The Same Catch-22 That Ousted Boehner Is Waiting For The New Speaker Of The House

The Same Catch-22 That Ousted Boehner Is Waiting For The New Speaker Of The House

“I am running to be your Speaker,” wrote House Majority Leader Kevin McCarthy in a letter to his Republican colleagues asking for their support in his bid to succeed John Boehner as Speaker of the House, “because I know that the People’s House works best when the leadership you elect listens to members and respects the legislative process entrusted to committees.”

It was a nice, subtle dig at Boehner, who is resigning on account of the somewhat generally accepted belief that Boehner neither listened to Republican members nor respected the legislative process entrusted to committees.

McCarthy may be running for perhaps the most thankless job in America, but he says that he is optimistic about the struggle that he will, hopefully, soon be facing. “There are challenges ahead,” he wrote, “but unified we have an amazing opportunity to make lasting conservative change. And I know when we work together under the banner of freedom and opportunity there is little that is out of our reach.”

Was he paying attention at all during Boehner’s Speakership?

It is hard to figure out why McCarthy wants to succeed Boehner in the first place, who is, for all intents and purposes, being run out of town by Congressional Tea Partiers angry with Boehner’s desire to avoid a government shutdown. Tea Partiers have overthrown Boehner simply because he has tried to fulfill his most basic responsibility as Speaker of the House, and unless McCarthy wants to be immediately overthrown himself he is surely going to have to shut down the government to appease House Tea Partiers.

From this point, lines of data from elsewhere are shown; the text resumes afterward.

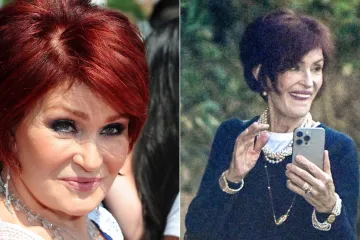 Upali obrazi i obješena koža: Sharon Osbourne lijek za mršavljenje uništio lice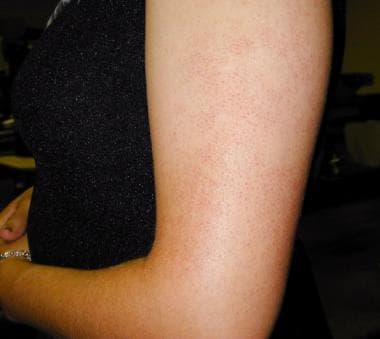 Keratosis pilaris in characteristic location on ou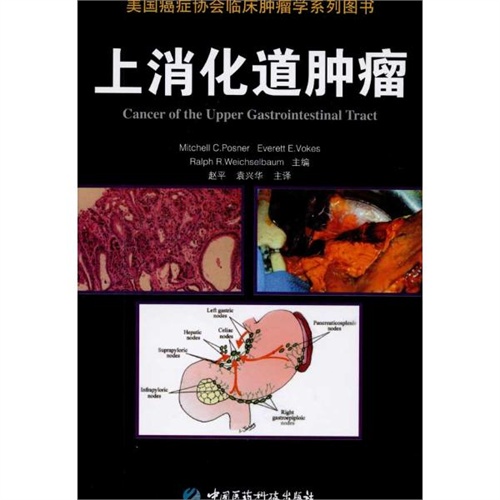 【上消化道肿瘤(美国癌症协会临床肿瘤学系列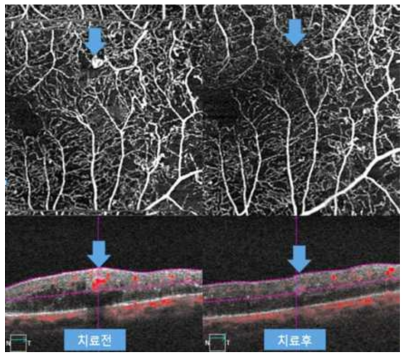 망막 미세혈관류의 소실
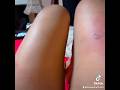 its hurt me than tattoo lol #accidente #foryou #foryourpage
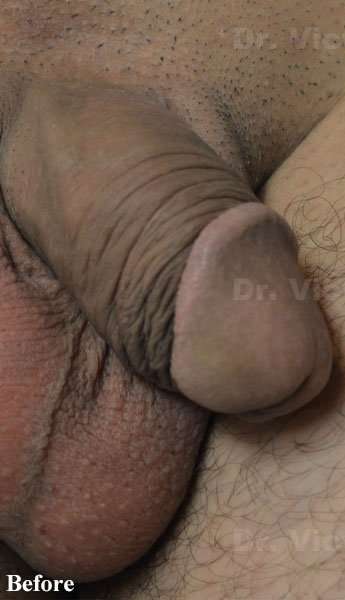 Permanent Penis Enlargement Before & After Patient #1395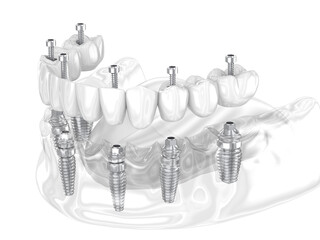 Dental prosthesis supported by six implants. Dental 3D illustration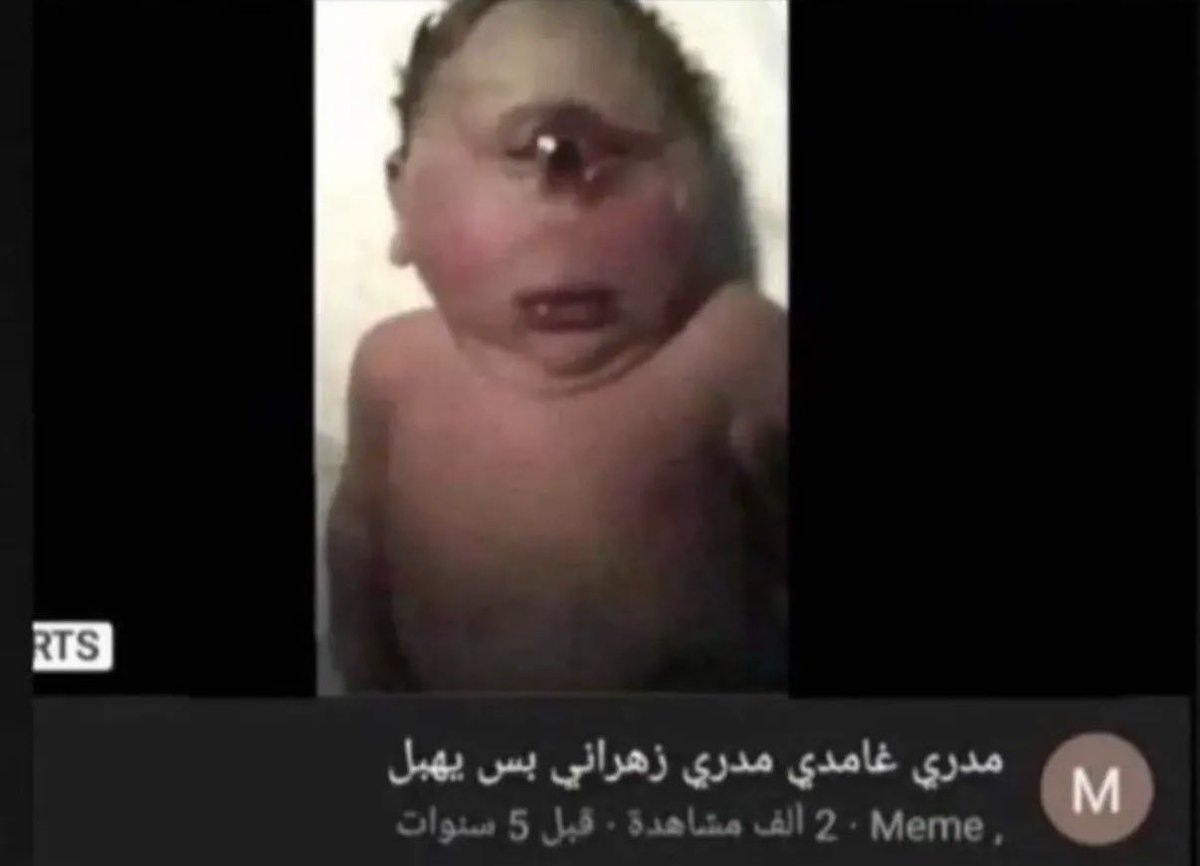 moder__x's tweet photo. المخلوق الي بيطلع لك بعد ما تتزوج وحده كلها عمليات تجميل https://t.co/NjsYjF3Tde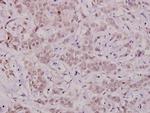 Phospho-Bcl-X (Thr47) Antibody in Immunohistochemistry (Paraffin) (IHC (P))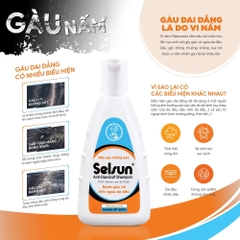 Dầu Gội Selsun Ngăn Ngừa Gàu & Nấm, Hỗ Trợ Giảm Ngứa Da Đầu Anti-Dandruff Shampoo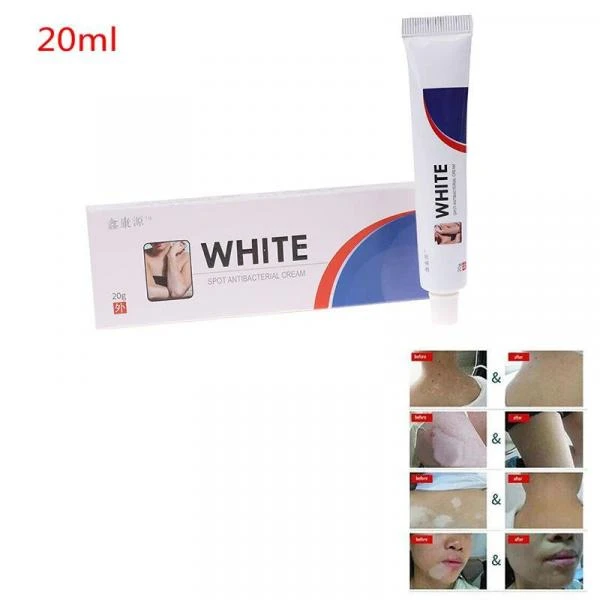 Антибактериальный китайский крем от витилиго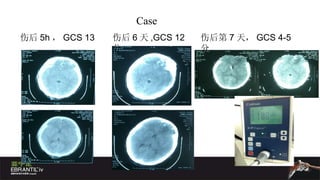 伤后 5h ， GCS 13 伤后 6 天 ,GCS 12 分 伤后第 7 天， GCS 4-5 分 Case  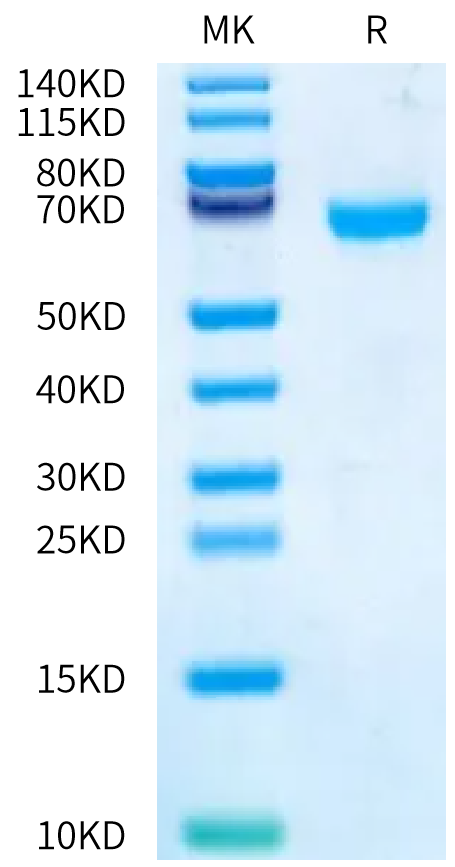 Human CA12 on Bis-Tris PAGE under reduced condition. The purity is greater than 95%.Recombinant Human CA12/Carbonic anhydrase XII Protein
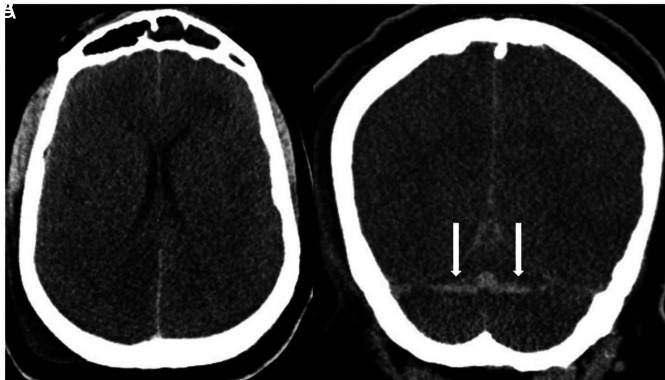 FIG 2.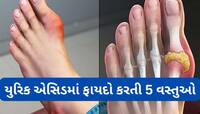 આ 5 વસ્તુઓ ખાવાનું શરુ કરી દો, 100 ની સ્પીડ ઘટશે યુરિક એસિડ, શરીર થશે ડિટોક્સ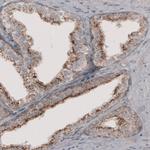 ACAA1 Antibody in Immunohistochemistry (Paraffin) (IHC (P))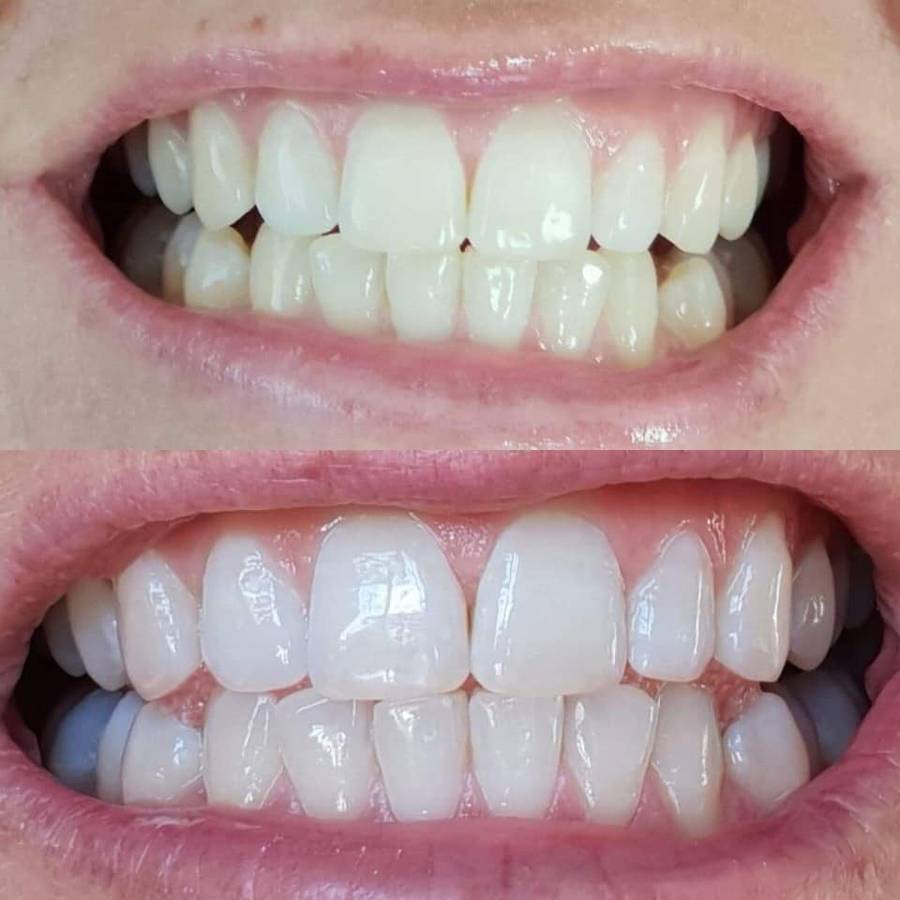 NU SKIN AP24 Whitening Fluoride Toothpaste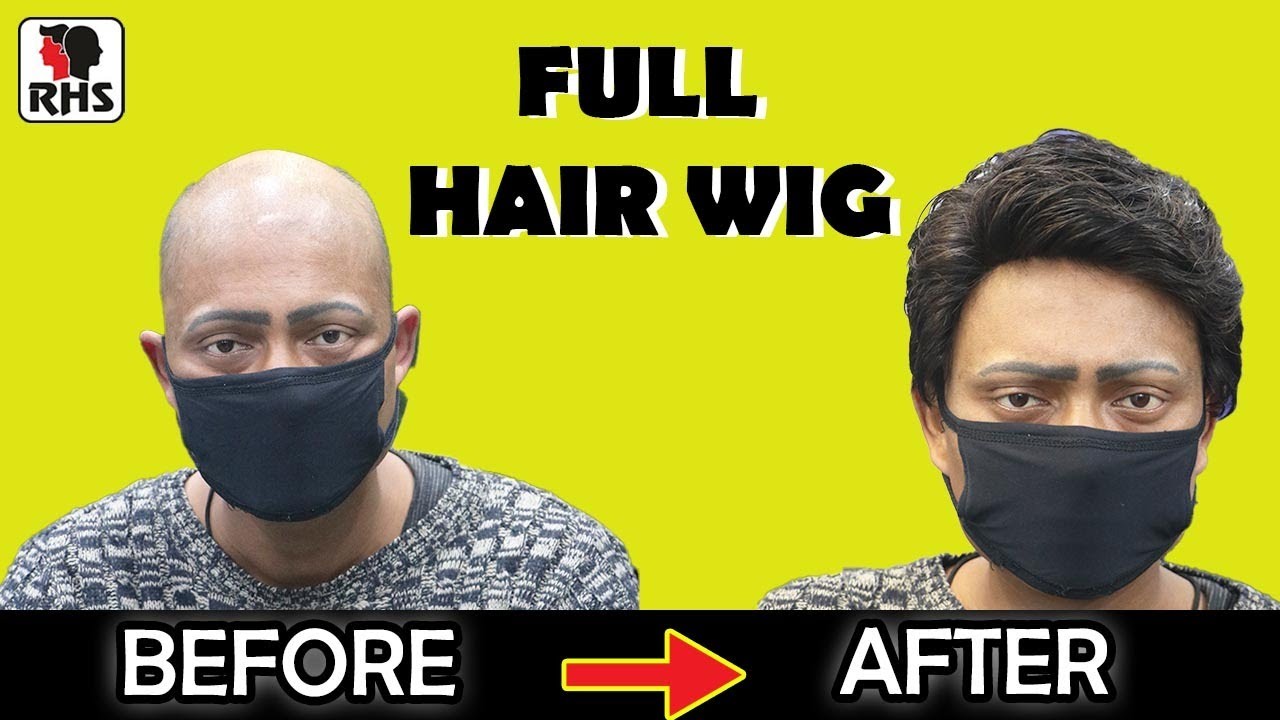 Full Hair Patch For Men In Delhi | Alopecia | Full Bald Hair Wig | Hair Coloring |Rizy Hair Solution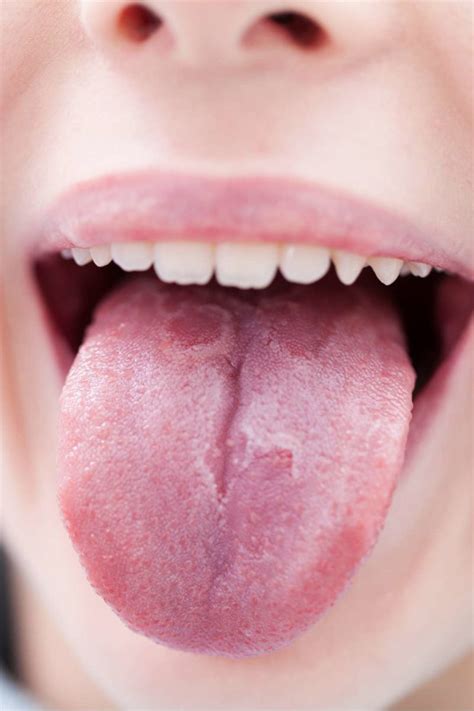 Psoriasis On Tongue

And the Tea Party Caucus is almost certainly going to try again to shut down the government, maybe as early as December since the current stopgap bill lasts only two months.

The Tea Party Caucus, to their credit, are standing up for their values, however, their idealism does not translate into actual Congressional action because they do not have the votes to pass any of their desired legislation. The Republican establishment that Tea Partiers routinely smear does not disagree with the Tea Party Caucus necessarily on anything, but more moderate Republicans are acting pragmatically. Despite the Tea Party’s rhetoric, Republicans do not have big enough majorities in Congress to pass the polarizing bills that the Tea Party Caucus wants.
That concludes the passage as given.